Ravaldo Guerrini: «Der Führerschein ist den Jungen nicht mehr wichtig»

Ravaldo Guerrini ist seit 38 Jahren Fahrlehrer für Auto, Motorrad und Taxi. (Foto: zVg)

Ravaldo Guerrini ist seit 1987 Fahrlehrer und kennt die automobile Entwicklung über Jahrzehnte, auch wie sich die Ausbildung bis zum Fahrausweis geändert hat.

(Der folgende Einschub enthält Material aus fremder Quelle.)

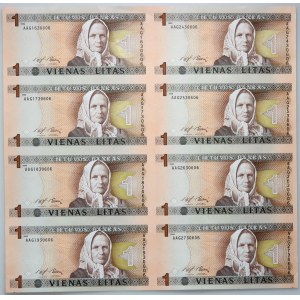 Lithuania, 1 Litas 1994, series AAG, uncut sheet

Ab 1. Juli gelten neue Vorschriften für Theorie- und praktische Prüfungen für Autolenker. Was ändert sich?
Ab dem 1. Juli werden Kenntnisse zu Fahrerassistenzsystemen, kurz FAS, fester Bestandteil der theoretischen und praktischen Führerprüfung für PWs und Motorräder.

Was ändert sich konkret?
In der Basistheorieprüfung wird künftig geprüft, ob die Prüfungskandidaten zwischen Fahrerassistenzsystemen und Automatisierungssystemen unterscheiden können. Sie müssen die drei Wirkweisen der Systeme verstehen: «informierend und warnend», «kontinuierlich unterstützend» und «temporär eingreifend». Die praktische Führerprüfung wird so angepasst, dass die zu prüfende Person die im Prüfungsfahrzeug verbauten Fahrerassistenzsysteme kennt, korrekt anwendet und deren Grenzen und Risiken kennt.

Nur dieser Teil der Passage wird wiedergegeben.